Reproducible Human Reward Imaging Phenotypes Exhibit Differential Sensitivity to Dopamine D2 Receptor Antagonism

Human reward processing varies along cue-centric and outcome-centric axes, but a reproducible mechanistic account of individual variation in incentive salience attribution has been lacking. Using fMRI across five cohorts (N-total=1,252; N1=890; N2=245; N3=34; N4=48; N5=34), we identified two robust imaging phenotypes mirroring sign- and goal-tracking (ST-like, GT-like). ST-like individuals showed dominant ventral striatal responses to reward-anticipation cues and sustained incentive salience attribution; GT-like individuals showed heightened responses to reward outcomes. This distinction was replicable across sites and independent samples.

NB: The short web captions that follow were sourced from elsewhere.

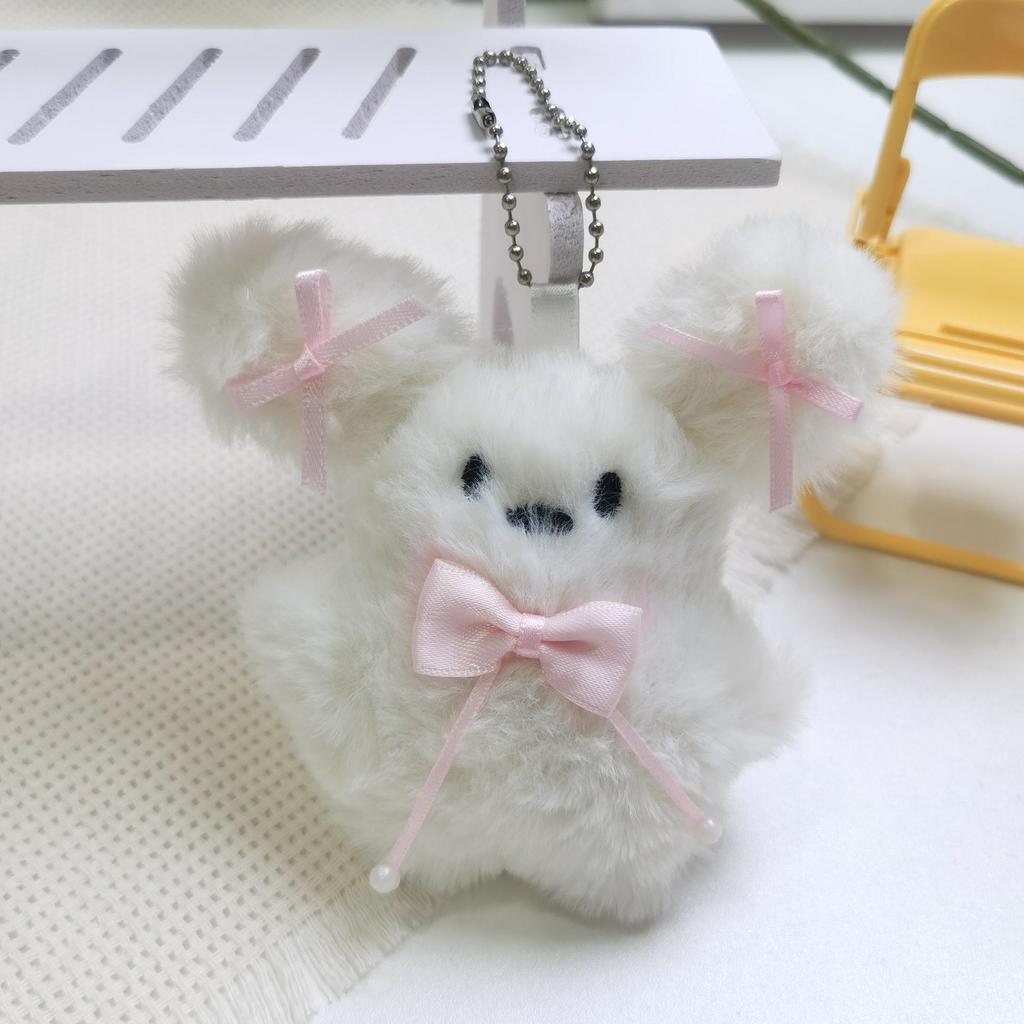 Flying Rabbit Plush Pendant: Cute Bow & Sunglasses Keychain - Perfect Small Gift or Souvenir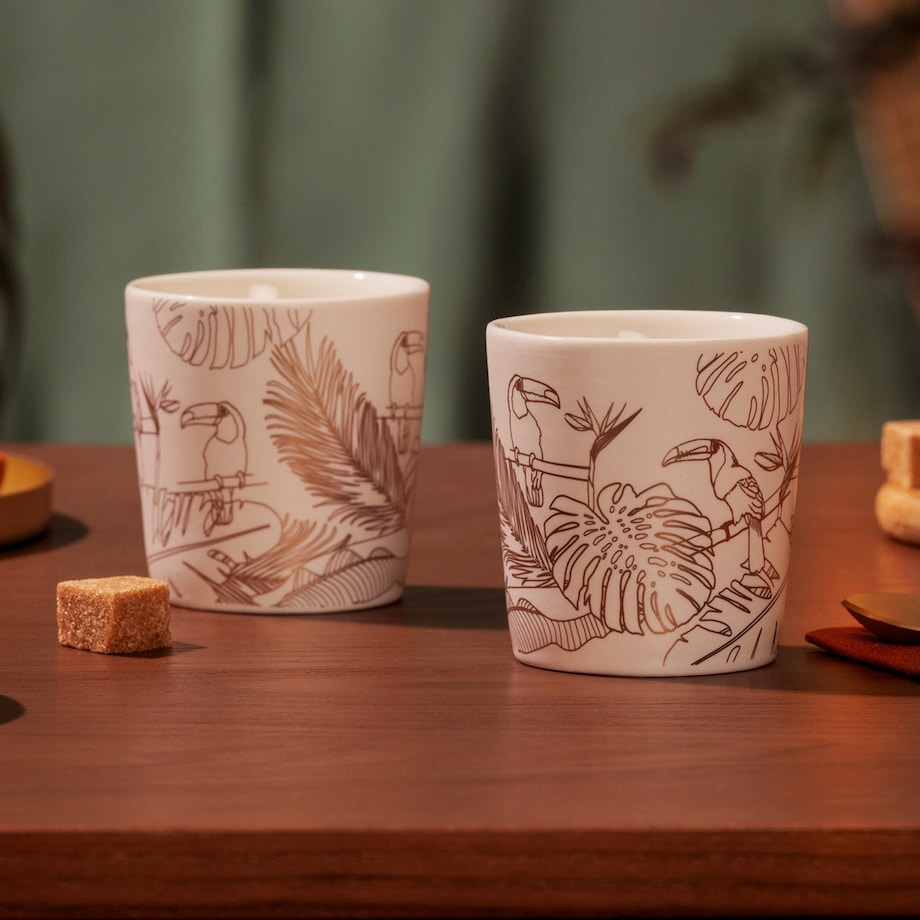 Komplet 4 filiżanek do espresso Toucans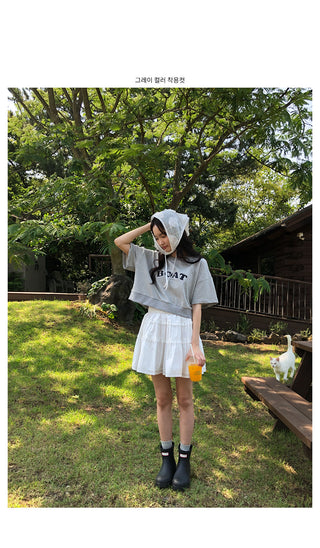 Daily short-sleeved sweatshirt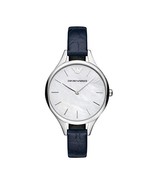 Emporio Armani AR11090 Blue Leather Strap Automatic Ladies Watch - $157.69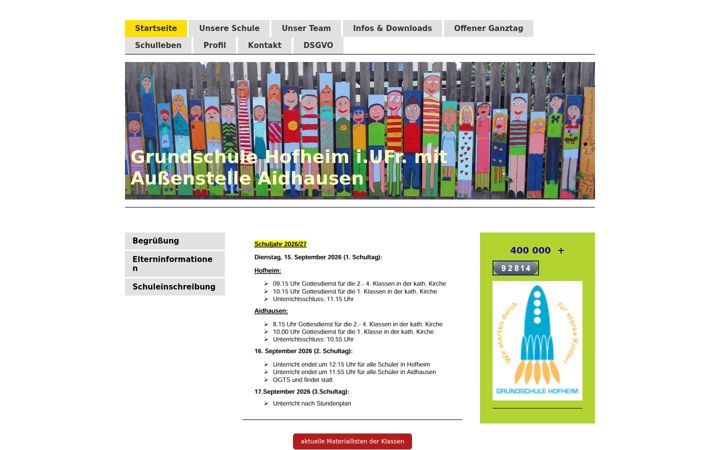 Screenshot of grundschule-hofheim-ufr.de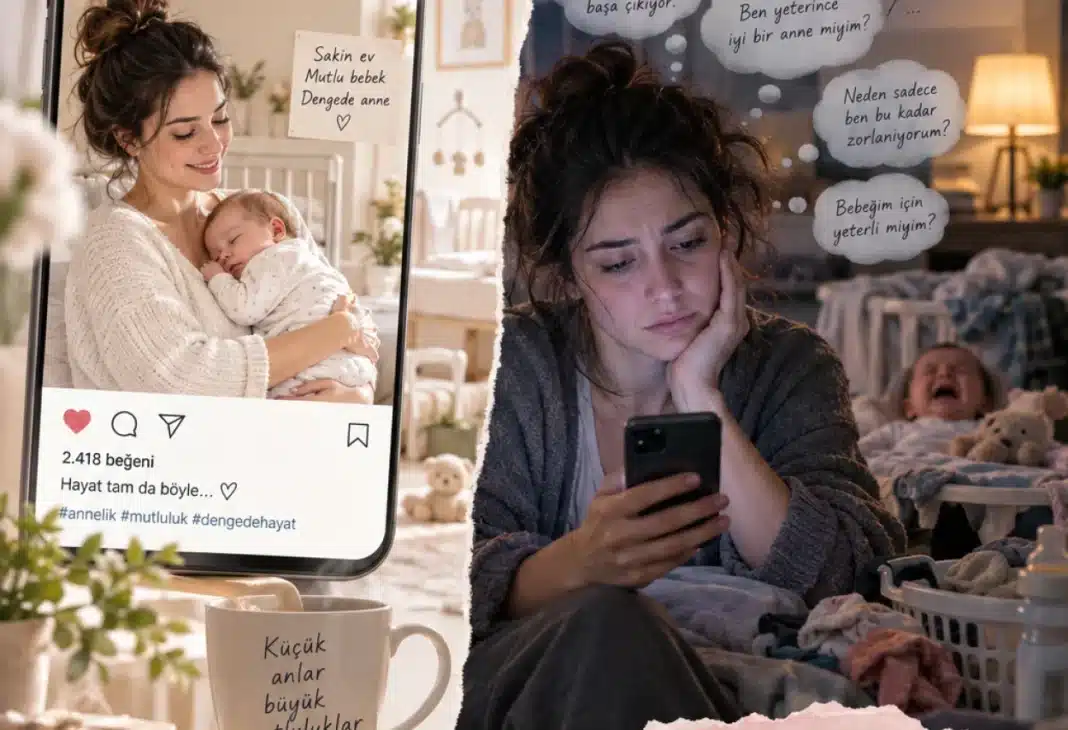 doğum sonrası depresyon ve sosyal medya etkisi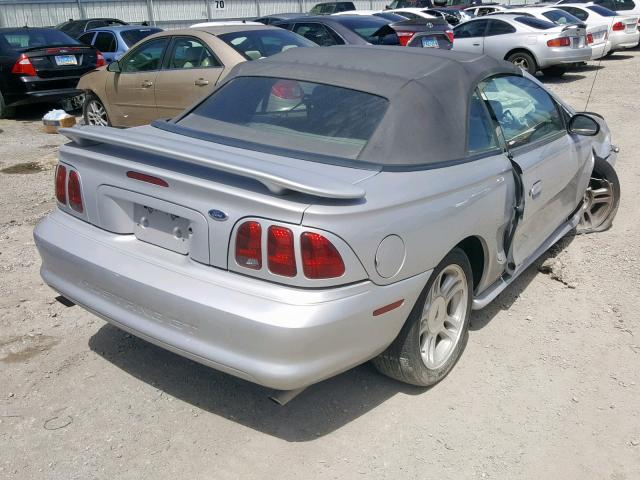 1FAFP45X2WF265274 - 1998 FORD MUSTANG GT SILVER photo 4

Single-dose and repeated-dose D2/D3 antagonism (risperidone, haloperidol, amisulpride) selectively reduced anticipatory ventral striatal activity in ST, with single-dose antagonism additionally producing a parallel drop in self-reported energy. Instead, D2/D3 partial agonism (aripiprazole) increased anticipatory and reduced outcome-phase responses in GT. In a psychosis cohort, antipsychotic D2 affinity was associated with blunted anticipatory signals and higher negative symptom burden, offering a neuroimaging-driven basis for stratifying patients and predicting response to dopaminergic agents.